Content starts
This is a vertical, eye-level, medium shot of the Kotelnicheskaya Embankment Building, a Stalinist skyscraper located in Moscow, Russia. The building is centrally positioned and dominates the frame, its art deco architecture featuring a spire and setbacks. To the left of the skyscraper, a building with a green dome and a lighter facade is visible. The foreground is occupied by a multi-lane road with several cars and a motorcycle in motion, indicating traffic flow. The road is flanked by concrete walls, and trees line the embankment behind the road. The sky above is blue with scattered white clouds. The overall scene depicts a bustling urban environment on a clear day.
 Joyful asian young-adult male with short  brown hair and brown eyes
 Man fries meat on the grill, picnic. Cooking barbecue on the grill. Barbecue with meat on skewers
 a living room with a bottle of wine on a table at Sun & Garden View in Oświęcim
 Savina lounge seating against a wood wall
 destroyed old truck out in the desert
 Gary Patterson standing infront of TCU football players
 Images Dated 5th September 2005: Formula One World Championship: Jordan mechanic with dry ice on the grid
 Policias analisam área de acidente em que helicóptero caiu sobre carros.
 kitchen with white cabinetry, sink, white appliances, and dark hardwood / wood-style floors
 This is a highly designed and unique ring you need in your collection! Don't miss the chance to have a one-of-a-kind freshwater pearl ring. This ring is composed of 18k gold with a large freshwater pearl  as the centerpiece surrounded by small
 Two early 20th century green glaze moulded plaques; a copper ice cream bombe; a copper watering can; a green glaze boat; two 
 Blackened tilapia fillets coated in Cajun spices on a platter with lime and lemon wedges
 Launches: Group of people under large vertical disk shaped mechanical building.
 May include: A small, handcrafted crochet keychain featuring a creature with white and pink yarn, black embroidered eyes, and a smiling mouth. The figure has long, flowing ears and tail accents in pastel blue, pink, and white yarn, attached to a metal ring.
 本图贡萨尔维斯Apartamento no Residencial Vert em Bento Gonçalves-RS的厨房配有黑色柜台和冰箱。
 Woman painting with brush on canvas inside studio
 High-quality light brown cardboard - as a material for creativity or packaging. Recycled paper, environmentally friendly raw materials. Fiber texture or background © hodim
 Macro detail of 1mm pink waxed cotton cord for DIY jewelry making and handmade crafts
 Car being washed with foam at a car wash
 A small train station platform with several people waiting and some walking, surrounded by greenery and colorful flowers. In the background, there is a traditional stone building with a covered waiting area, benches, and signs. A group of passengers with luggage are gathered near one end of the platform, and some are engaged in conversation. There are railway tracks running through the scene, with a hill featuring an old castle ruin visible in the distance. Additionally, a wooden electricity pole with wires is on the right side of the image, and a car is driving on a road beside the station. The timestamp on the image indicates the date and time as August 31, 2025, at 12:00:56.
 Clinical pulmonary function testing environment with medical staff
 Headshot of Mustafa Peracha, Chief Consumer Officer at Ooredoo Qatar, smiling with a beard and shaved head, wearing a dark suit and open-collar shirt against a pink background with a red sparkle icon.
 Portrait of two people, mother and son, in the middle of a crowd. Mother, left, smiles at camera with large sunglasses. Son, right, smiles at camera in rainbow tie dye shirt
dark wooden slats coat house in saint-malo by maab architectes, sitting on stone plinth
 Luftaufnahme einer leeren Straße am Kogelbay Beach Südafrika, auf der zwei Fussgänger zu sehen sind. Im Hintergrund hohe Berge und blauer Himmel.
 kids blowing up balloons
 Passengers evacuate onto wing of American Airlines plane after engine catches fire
Content ends
EXERCISE PROMPT
Determine how many lines of the listing include the word "blue" and report nothing but the number.

TASK ANSWER
2